Since AT&T Stadium opened in 2009, the Cowboys have a 27-30 record in the regular season. Only six teams are worse at home in that span. The last time the Cowboys were this bad at home came in 1988 and ’89 when they lost 14 in a row. They lost their final six games at Texas Stadium in Tom Landry’s last season and all eight games in Jerry Jones’ first as owner and general manager.
In contrast, the New England Patriots are a league-best 53-5 at Gillette Stadium.
Why? They have Bill Belichick and most of the time they have Tom Brady, although Matt Cassel, Jimmy Garoppolo and Jacoby Brissett have won games there, too. The winning begets winning, and opposing teams enter their stadium practically feeling beaten already.
Theories abound as to why the Cowboys struggle at home. The stadium is so nice, fans sit on their hands. Because of the digital board, it is a place to be seen but not heard. The cost is prohibitive for the average fans. The fans who do pay for personal seat licenses and for the tickets themselves are more than happy to sell seats to recoup some cash from out-of-town fans.
The Cowboys have been forced to go to a silent count at home games because of the noise opposing fans make.
But, as Garrett said, it comes down to blocking and tackling. Plus, the Cowboys have made the playoffs only twice since the stadium opened.
Last season, four of the Cowboys’ seven home losses were by 11 points or more. They lost one in overtime, another by one point, another by three points.
Their Sept. 11 opener was a one-point loss to the Giants, punctuated by Terrance Williams' inability to get out of bounds, allowing time to run out.
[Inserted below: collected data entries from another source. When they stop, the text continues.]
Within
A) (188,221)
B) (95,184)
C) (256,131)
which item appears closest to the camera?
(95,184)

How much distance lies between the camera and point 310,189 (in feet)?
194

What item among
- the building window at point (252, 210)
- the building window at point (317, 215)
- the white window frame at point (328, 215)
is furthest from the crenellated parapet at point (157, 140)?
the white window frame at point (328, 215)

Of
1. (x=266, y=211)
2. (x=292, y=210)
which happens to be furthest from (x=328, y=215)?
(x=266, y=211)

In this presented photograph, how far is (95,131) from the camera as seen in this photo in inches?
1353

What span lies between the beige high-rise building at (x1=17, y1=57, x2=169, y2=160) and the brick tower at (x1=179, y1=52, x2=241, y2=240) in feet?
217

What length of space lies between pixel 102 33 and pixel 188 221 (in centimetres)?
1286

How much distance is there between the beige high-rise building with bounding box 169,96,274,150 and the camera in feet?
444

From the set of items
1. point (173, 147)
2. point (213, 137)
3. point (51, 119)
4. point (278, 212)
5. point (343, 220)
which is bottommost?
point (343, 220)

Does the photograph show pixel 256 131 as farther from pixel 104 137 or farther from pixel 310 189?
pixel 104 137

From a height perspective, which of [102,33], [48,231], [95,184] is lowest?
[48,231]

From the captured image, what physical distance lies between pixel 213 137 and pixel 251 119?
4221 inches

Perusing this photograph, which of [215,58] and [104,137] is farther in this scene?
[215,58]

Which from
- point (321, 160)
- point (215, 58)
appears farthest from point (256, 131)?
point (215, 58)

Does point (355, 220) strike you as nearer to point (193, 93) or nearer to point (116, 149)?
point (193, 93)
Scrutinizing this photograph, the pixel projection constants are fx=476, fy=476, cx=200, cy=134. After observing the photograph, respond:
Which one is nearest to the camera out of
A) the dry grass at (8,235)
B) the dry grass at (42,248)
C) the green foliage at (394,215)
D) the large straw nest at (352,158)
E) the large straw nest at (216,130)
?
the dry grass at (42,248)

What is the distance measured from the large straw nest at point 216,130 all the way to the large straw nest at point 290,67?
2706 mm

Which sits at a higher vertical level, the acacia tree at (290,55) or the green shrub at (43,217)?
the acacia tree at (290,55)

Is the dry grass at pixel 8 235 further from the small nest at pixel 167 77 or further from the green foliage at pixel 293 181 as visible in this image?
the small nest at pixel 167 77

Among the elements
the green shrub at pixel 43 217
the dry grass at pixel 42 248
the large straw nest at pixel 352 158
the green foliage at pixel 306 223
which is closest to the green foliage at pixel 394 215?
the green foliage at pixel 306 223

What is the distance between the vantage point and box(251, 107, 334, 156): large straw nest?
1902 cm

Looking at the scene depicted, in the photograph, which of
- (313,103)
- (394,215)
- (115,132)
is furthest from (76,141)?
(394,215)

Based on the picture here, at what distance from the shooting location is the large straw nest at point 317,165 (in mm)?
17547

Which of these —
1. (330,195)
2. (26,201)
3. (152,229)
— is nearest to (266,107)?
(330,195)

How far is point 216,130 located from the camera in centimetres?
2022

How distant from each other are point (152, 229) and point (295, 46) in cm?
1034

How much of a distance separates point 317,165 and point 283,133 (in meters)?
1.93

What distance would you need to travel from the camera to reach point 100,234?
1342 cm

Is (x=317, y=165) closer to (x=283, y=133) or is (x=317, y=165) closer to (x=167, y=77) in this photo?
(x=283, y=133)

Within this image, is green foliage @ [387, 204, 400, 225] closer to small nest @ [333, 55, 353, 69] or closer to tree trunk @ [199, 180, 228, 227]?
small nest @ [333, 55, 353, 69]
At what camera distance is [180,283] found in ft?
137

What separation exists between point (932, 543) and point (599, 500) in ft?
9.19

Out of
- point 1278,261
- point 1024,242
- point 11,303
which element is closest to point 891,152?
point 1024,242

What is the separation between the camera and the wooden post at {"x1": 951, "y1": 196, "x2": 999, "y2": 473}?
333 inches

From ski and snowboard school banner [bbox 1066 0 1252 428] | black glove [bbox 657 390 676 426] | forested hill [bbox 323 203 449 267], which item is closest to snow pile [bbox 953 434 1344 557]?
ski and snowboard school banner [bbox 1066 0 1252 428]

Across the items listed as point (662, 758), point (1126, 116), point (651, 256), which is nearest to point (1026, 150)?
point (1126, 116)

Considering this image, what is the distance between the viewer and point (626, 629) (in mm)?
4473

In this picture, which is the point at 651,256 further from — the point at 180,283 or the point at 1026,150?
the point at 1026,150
“It’s certainly a fair question,” Witten said. “But the bottom line is each week is its own battle. What we love about this game at this level is the challenge is week to week. You’re not looking at it year to year. I get the situation of [the losing streak] being a year, but I really think our team is focused on what allows you to win. The bottom line is we didn’t execute and play well enough in those situations to allow ourselves to win. And that’s it. We’ve worked our tails off to put ourselves in better positions where we can execute and make plays to win those types of games.”